To see the imposing Provincial Capitol Building becomes, in most cases, the object of some visitors in going to Alabel, the capital town of the province.

Equally drawing attention is the Kasfala Hall that accentuates even more the beauty and the value of the park. True to its Blaan name, which means “deliberation,” the well-designed edifice serves as a sheer witness to the many issues and concerns deliberated and resolved in seminars, trainings, conferences, consultations and the like.

Strategically enclosed in a 26-hectare lot, the capitol park is a huge landmark of untiring devotion and excellence by concerned leaders who were instruments of unification and development of its people.

Other facilities like the FVR rest house and pool, cultural center and gymnasium, training center, and sports complex complete its almost pronounced coziness.

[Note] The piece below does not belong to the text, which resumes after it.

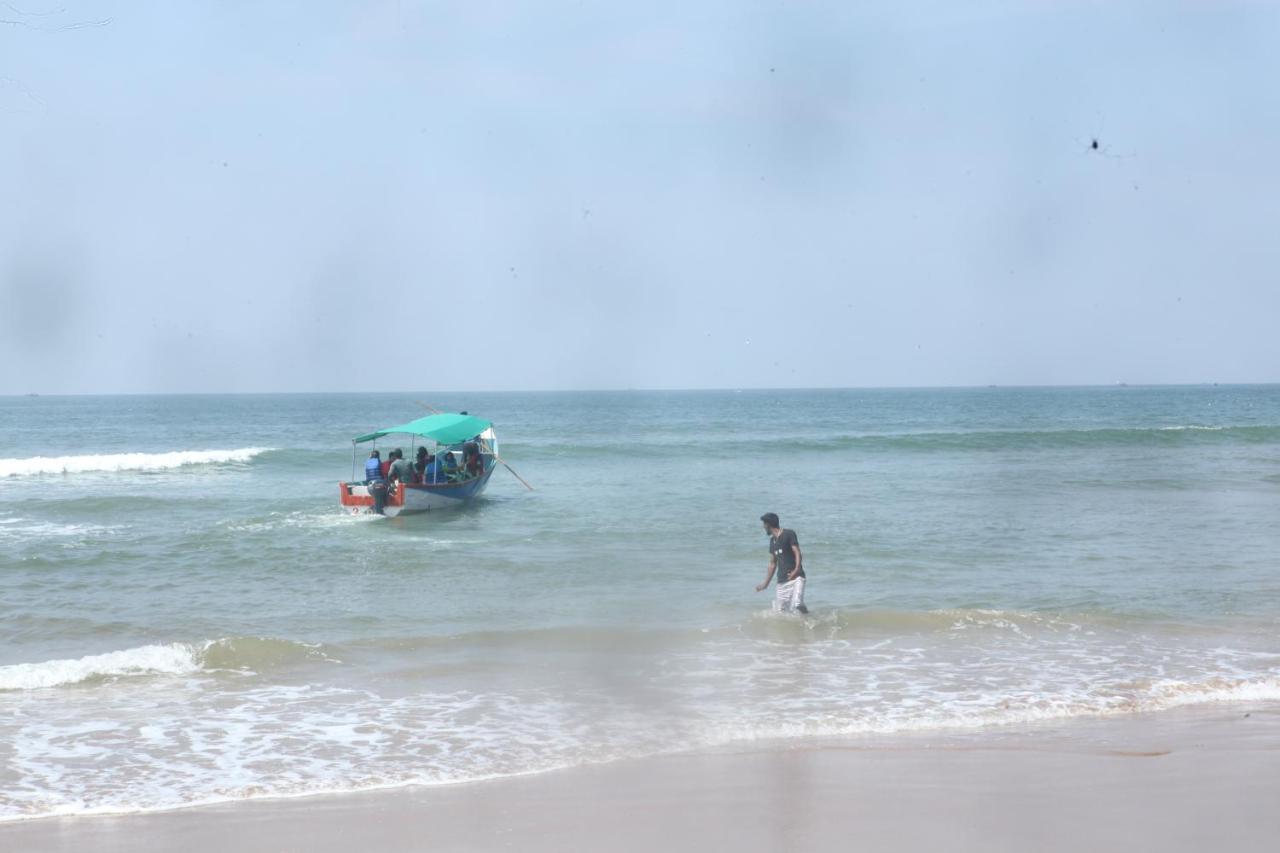 5 Mile Beach Resort Kumta エクステリア 写真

SARANGANI GOLF & COUNTRY CLUB

The 18-hole Golf Course and Country Club at Sitio Pulatana, Malandag, Malungon lies in a well-landscaped of verdant grasses and trees. It is only a 30-minute leisure-drive from the town proper of Sarangani’s capital town Alabel and 40-minute from neighboring city of General Santos.

For golf fanatics, the place is just right to unwind.

Its two-story native-inspired refreshment cottage can provide an outright vista of the golf course’s backdrop, Mt. Matutum.